Pintar o mar em tons de terra

Tínhamos combinado uma hora para nos encontrarmos e depois seguirmos até à Gafanha de’Aquém, paredes meias com a Gafanha da Boa Vista.

Já não me lembrava do local da casa de Joaquim Filipe onde ele tem também o seu atelier. Mas, quando lá cheguei, veio-me à memória a experiência tão rica da primeira visita. È que toda a ambiência, já por si, constitui um espaço mágico, totalmente criado pelo artista, como invólucro fundamental para reter a luz, ou a sua ausência, tudo misturando com os cheiros que ressumam da ria, por nascente, ali mesmo a dois passos, e as nortadas, por vezes fortes e de canto sibilino, verdadeiramente purificadoras.

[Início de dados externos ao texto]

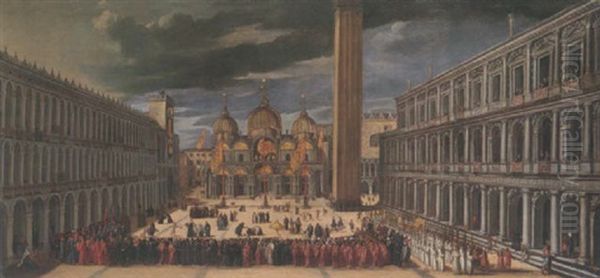 Venice, The Piazza San Marco With The Procession On The Feast Of Saint Mark Oil Painting by Joseph Heintz the Elder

Ele queria-me mostrar o conjunto dos trabalhos que iriam constar duma exposição que foi denominada, tão simplesmente, FUNDOS.

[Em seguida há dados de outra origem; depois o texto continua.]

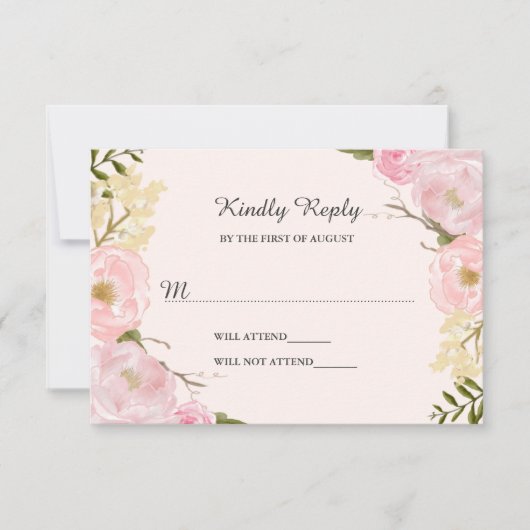 Roze Blush Botanische Bloem Bruiloft RSVP Kaartje (Voorkant)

Enquanto subíamos as escadas que levavam ao salão dos cavaletes, das tintas e das telas onde o artista vai deixando os seus sonhos, foi-me mostrando outros registos, de outros tempos, nos quais Joaquim Filipe foi agarrando na tela memórias do seu percurso.

Já em Junho de 1997, quando da minha primeira visita a sua casa para colher elementos  que me permitiram a minha primeira abordagem escrita à sua obra,  me ficara a ideia de que tudo o que saía das suas mãos era de uma enorme coerência artística, com uma evidente identidade técnico-formal.

Em todos os seus trabalhos - aqueles que fui vendo pelo caminho e os que me foram mostrados no atelier e que viriam posteriormente a ser expostos - registei sempre uma forte manifestação do desenho, servindo-se o artista  da cor pintada, quase sempre monocrómica, para robustecer esse mesmo desenho ou garantir-lhe enquadramento.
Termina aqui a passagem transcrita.